Game developers will write shaders in languages such as GLSL and HLSL, and the graphics driver will compile these into a GPU specific assembly language.
Shaders are really useful to give game developers the ability to change how the geometry is drawn, and even how the pixels are colored on the screen.
Because of how much shaders influence the whole scenes, GPU emulation development is not just a matter of handling triangles its also about handling shaders. We had to actually implement the shader programs to get more graphics output, meaning we needed to decompile each shader instruction. In case you were wondering, Nintendo Switch games are built with precompiled shader binaries, so we can’t just run the original program. Instead we have to analyze the shader instructions and figure out novel ways to get convert it back to a high level shader code again. Figuring out what each shader instruction means wasn’t an easy task, as this was all Nvidia’s proprietary code. We worked a lot with gdkchan, as he had made a bit of progress with this, and quickly learned how to decode GPU data based on nouveau and envytools. envytools and envydis (disassembler) did the reverse engineering of how shaders work in Maxwell based GPUs, so we already know most of the disassemblies of the instructions, but not always what they do.
For actual shader implementation in yuzu, we decided to base it on a recent addition to Citra, a shader recompiler that converts the emulated 3DS shaders into GLSL so they can be run on the host GPU. Instead of running all these shader programs (which have to run for thousands of vertices) on the CPU, we translate these shaders into OpenGL GLSL and upload the program directly as is to GPU. This is better as GPUs are designed to run these programs in parallel for thousands of vertices, whereas CPUs are not. In Citra, we were running the fragment shaders on the GPU since at least 2015, but the vertex and geometry shaders were run on the CPU. The 3DS vertex and geometry shaders have some very hard to account for corner cases, and it took many years to make sure that our reverse engineering efforts were correct. That way we didn’t have to waste effort working on something we couldn’t be sure was possible. If you would like to read more about the feature in Citra, check out the blog post about it (here).

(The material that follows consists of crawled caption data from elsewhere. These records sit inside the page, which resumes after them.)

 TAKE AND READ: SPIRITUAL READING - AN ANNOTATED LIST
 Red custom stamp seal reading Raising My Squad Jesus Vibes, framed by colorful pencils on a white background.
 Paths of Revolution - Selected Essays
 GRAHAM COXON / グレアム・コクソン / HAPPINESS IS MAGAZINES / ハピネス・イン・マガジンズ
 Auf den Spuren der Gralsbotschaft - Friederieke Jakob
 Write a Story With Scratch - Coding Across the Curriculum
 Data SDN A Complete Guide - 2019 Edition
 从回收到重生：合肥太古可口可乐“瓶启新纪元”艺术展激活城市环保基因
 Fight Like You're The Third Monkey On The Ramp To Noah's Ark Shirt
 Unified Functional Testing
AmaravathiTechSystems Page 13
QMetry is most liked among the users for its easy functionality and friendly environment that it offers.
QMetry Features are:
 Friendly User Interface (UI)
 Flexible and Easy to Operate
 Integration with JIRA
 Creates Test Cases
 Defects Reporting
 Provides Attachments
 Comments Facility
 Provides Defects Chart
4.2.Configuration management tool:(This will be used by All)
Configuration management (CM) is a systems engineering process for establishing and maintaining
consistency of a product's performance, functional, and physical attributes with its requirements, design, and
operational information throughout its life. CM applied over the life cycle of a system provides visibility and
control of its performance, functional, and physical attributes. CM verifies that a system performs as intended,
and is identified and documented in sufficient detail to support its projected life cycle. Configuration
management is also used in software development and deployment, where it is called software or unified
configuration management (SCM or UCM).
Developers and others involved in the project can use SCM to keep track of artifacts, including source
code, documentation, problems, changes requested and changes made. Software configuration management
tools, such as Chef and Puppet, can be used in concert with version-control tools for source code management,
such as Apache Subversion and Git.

However this isn’t an option in case of yuzu, as Switch’s GPU is modern and way too powerful for doing this in software.
Around April 2018, we were able to get enough of shader instructions implemented to get “Puyo Puyo Tetris” to show a bit of graphics.

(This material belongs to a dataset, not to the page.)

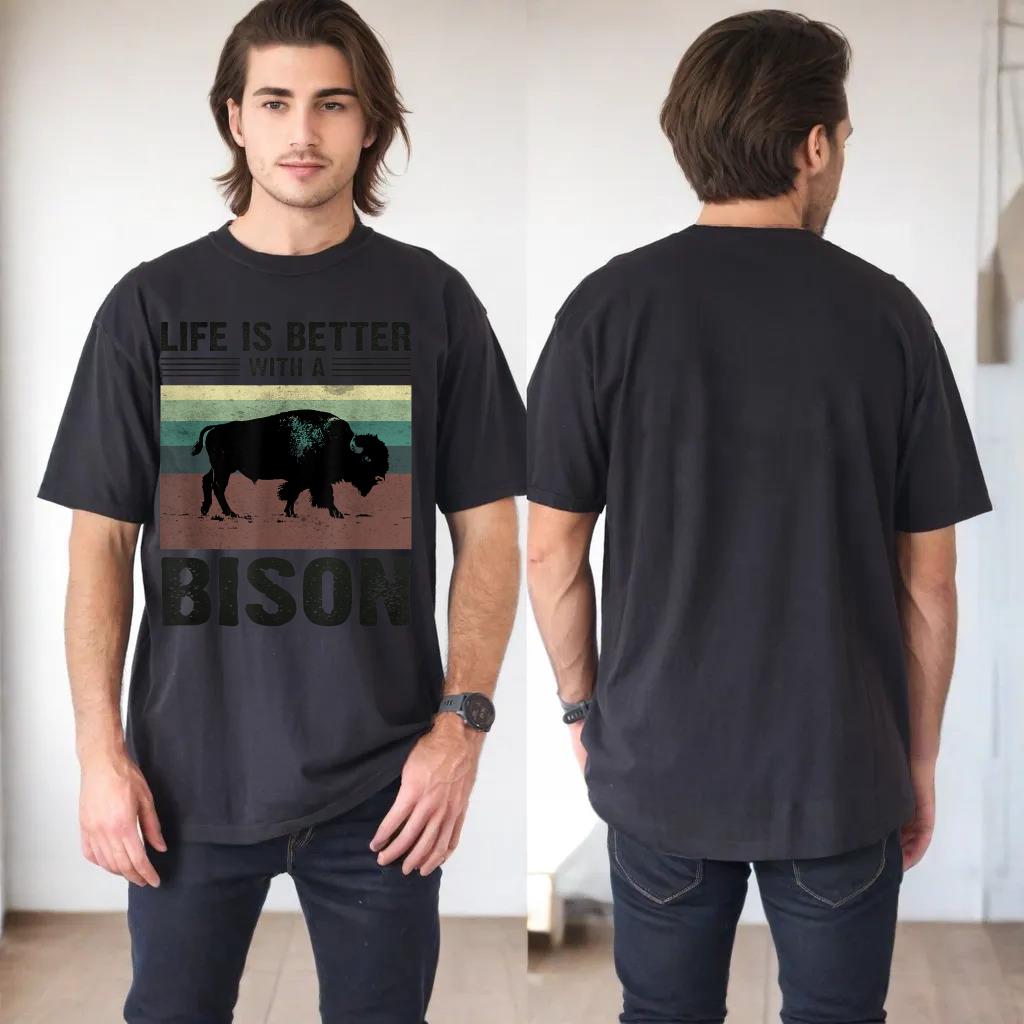 Life Is Better With A Bison For Bisons Buffalo Lover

It wasn’t much, just rendered
SEGA logo and
Tetris logo, and pretty much hung after that.
Furthermore, we were able to get a few other simple 2D games like “Cave Story” and “The Binding of Issac” booting as well.
Another new feature which we implemented was shader
constbuffer support by Subv.
We have shader programs that we want to reuse for a bunch of different triangles for features like the UI or 3D models.
It isn’t efficient to have individual shaders for every single thing, instead we can have a couple of shader programs that can be reused for everything.
constbuffer support is the equivalent of OpenGL
uniform buffer objects (UBO).
Uniforms in general are a way to provide constant data to shaders and can also be used to reconfigure the shader as well.
Initial rendering support and blending support were done by bunnei.
Blending is used for alpha transparency - translating Switch GPU register writes to OpenGL calls.
It fixed a bug in “Puyo Puyo Tetris”, where the
Saving... icon in the top left corner had a weird box around it.
Initial texture support was done by Subv and mainly involved reading a texture from memory, decoding it, and uploading it to OpenGL.
Coming to rasterizer cache, its computationally expensive to upload a texture from the emulated Switch memory to the host GPU every time it’s used. The texture will need to be decoded and unswizzled before its uploaded, and then the memory will need to be copied from the CPU RAM into the GPU RAM. It’s much more efficient to just keep texture in the GPU memory, similar to how it works on hardware with normal PC games, but is a little bit trickier for emulation. This is because we don’t know when the game might change the texture or modify it. bunnei did most of the work to cache these textures, so when a texture is uploaded to OpenGL it is saved in GPU memory and we keep track of it. When the CPU or our emulated Switch kernel reads or writes to the memory address that the texture was uploaded to, we check to see what we need to do, and reload the texture only if necessary. This also applies to framebuffers because in some cases, games can use them as textures. If this caching wasn’t existent, we’d essentially have to upload every texture to OpenGL memory (host GPU space) on every draw, copy the final framebuffer back to emulated Switch memory (CPU space) so that the game could potentially use it for framebuffer.
We had a couple of fixes to our rasterizer cache mainly because it was based on Citra’s rasterizer cache.
Because the compressed texture formats that the 3DS uses are not commonly supported by desktop GPUs, Citra’s rasterizer cache decodes any compressed textures before uploading and caching them.
But since the Switch GPU supports many of the same texture formats that desktop OpenGL does, we sped things up by uploading them without decoding them.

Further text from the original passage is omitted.